Problem requirements:
Any image in the records is to be skipped; everything else should be reproduced exactly.

Raw data:
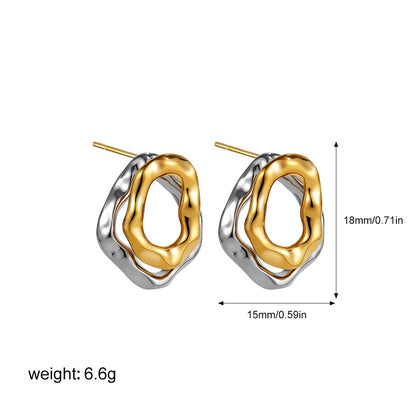 Two-wear Irregular Gold Sliver Colors Circles Earring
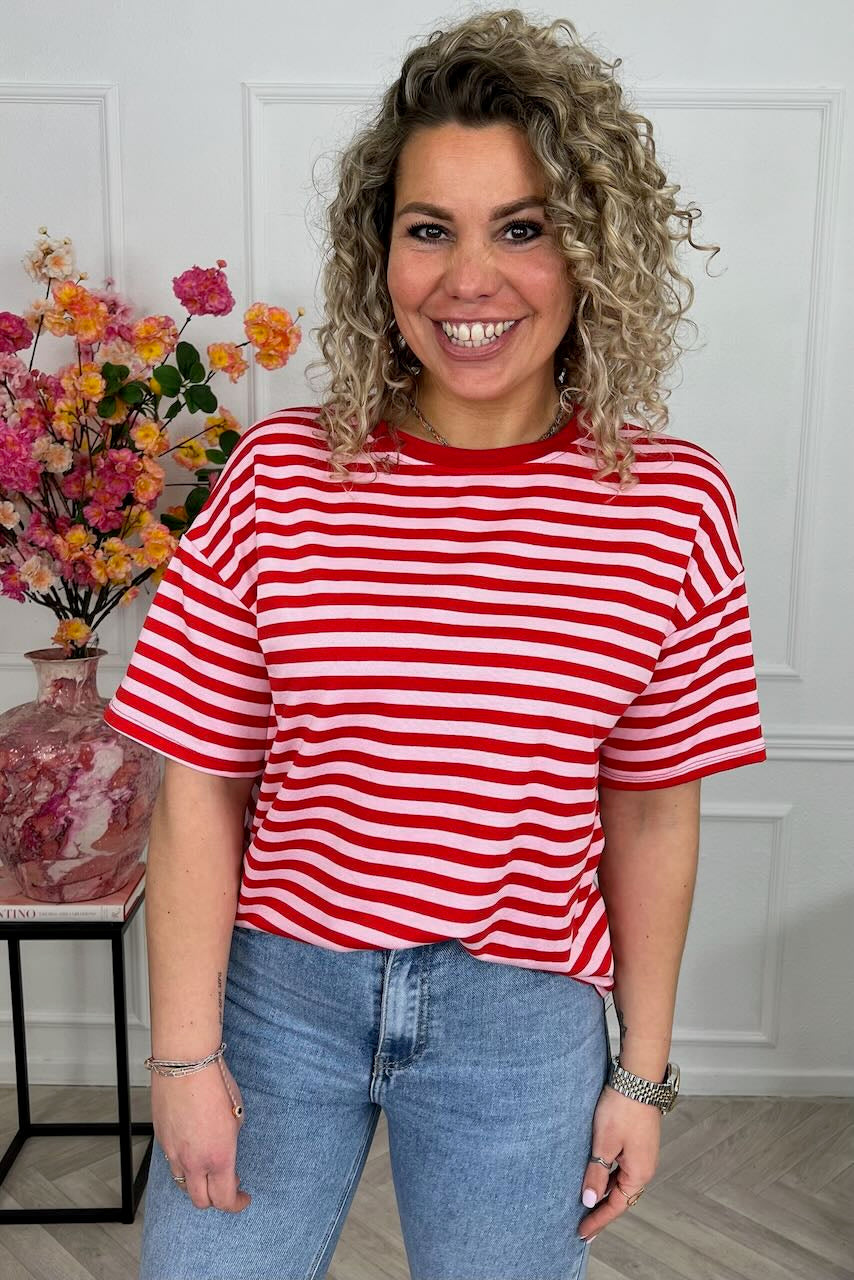 Camiseta de manga corta a rayas imprescindible - Rojo/Rosa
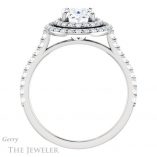 Oval Shaped Forever One Moissanite Engagement Ring #GTJ935-oval-fo-w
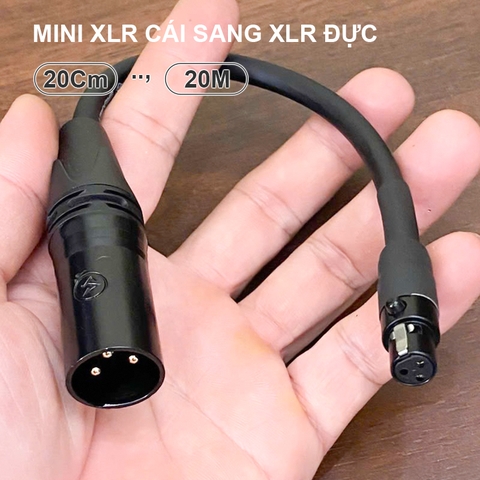 Dây canon cái đầu nhỏ sang canon đực đầu lớn - Mini XLR 3-pin Female to XLR 3 pin Male Cable, for SLR Cameras, Microphones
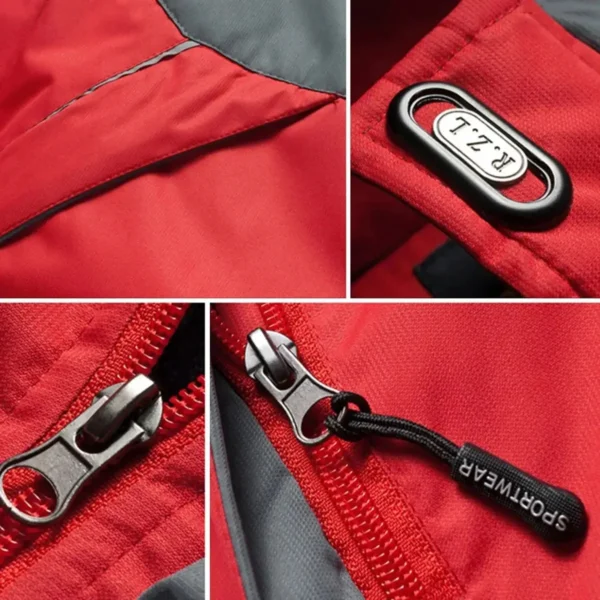 Crosstrek Exclusive Logo Outdoor Plush Charging Suit Waterproof Windproof Jacket Detachable Hood BLC21525A1CTK - Red - Image 4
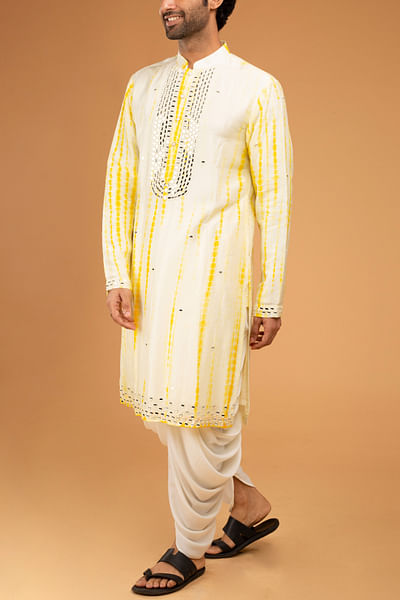 Yellow tie-dye and mirror kurta set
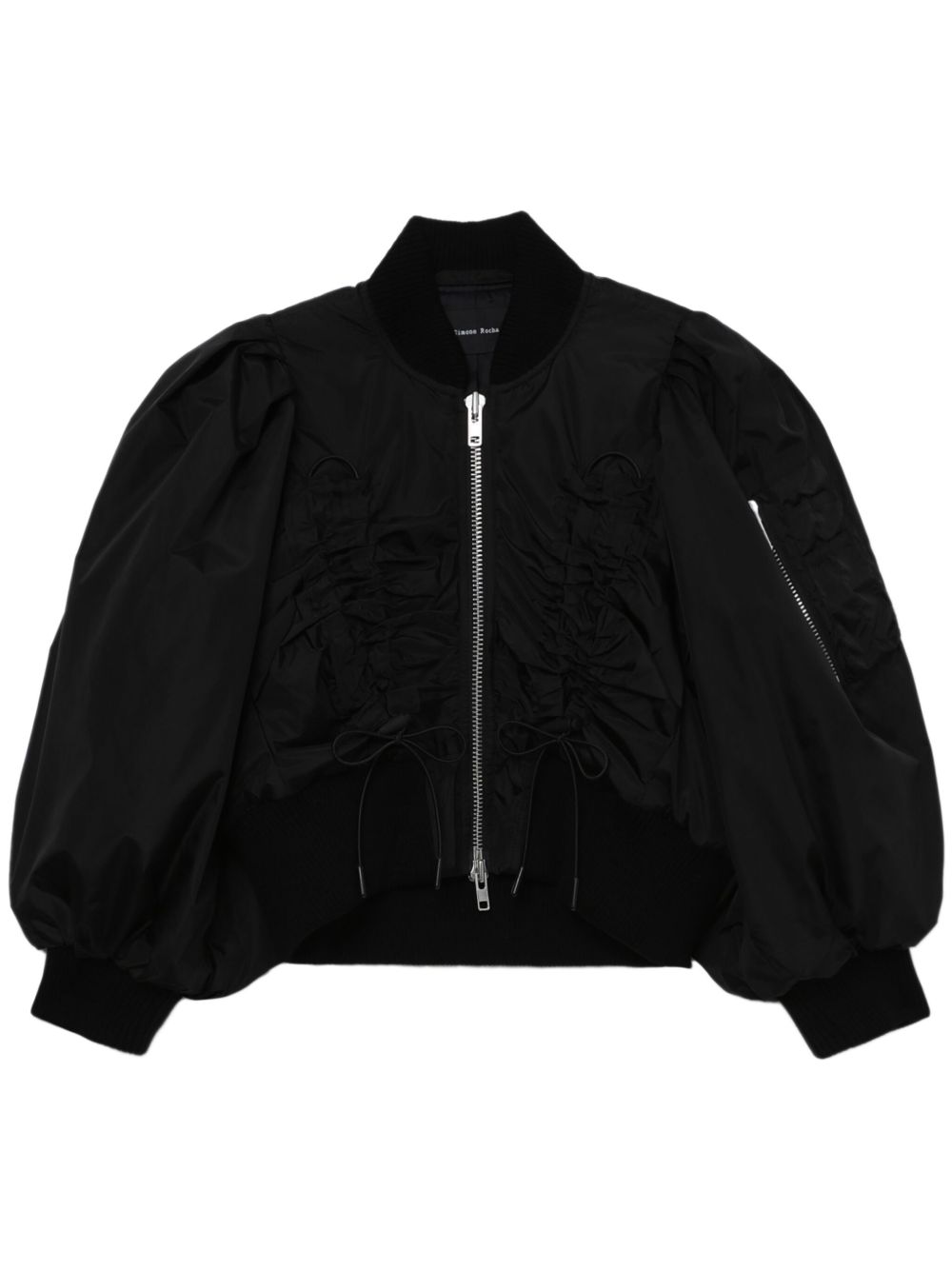 Simone Rocha 短款飞行员夹克 - 黑色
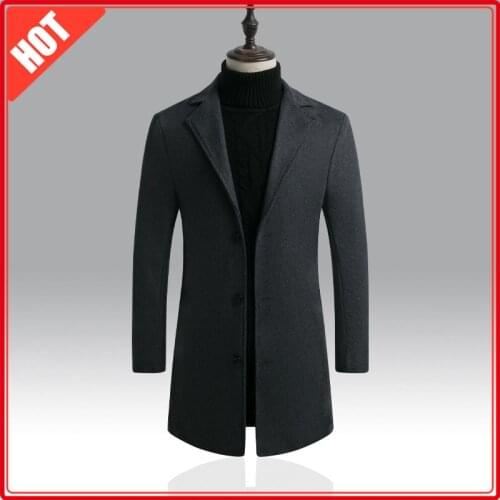 Men Fashion Jackets Men Slim Fits Coats Business Mens Long Winter Windproof Outwears Plus Size 5XL Black Hot Sale High Quality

Written answer:
 Two-wear Irregular Gold Sliver Colors Circles Earring
 Camiseta de manga corta a rayas imprescindible - Rojo/Rosa
 Oval Shaped Forever One Moissanite Engagement Ring #GTJ935-oval-fo-w
 Dây canon cái đầu nhỏ sang canon đực đầu lớn - Mini XLR 3-pin Female to XLR 3 pin Male Cable, for SLR Cameras, Microphones
 Crosstrek Exclusive Logo Outdoor Plush Charging Suit Waterproof Windproof Jacket Detachable Hood BLC21525A1CTK - Red - Image 4
 Yellow tie-dye and mirror kurta set
 Simone Rocha 短款飞行员夹克 - 黑色
 Men Fashion Jackets Men Slim Fits Coats Business Mens Long Winter Windproof Outwears Plus Size 5XL Black Hot Sale High Quality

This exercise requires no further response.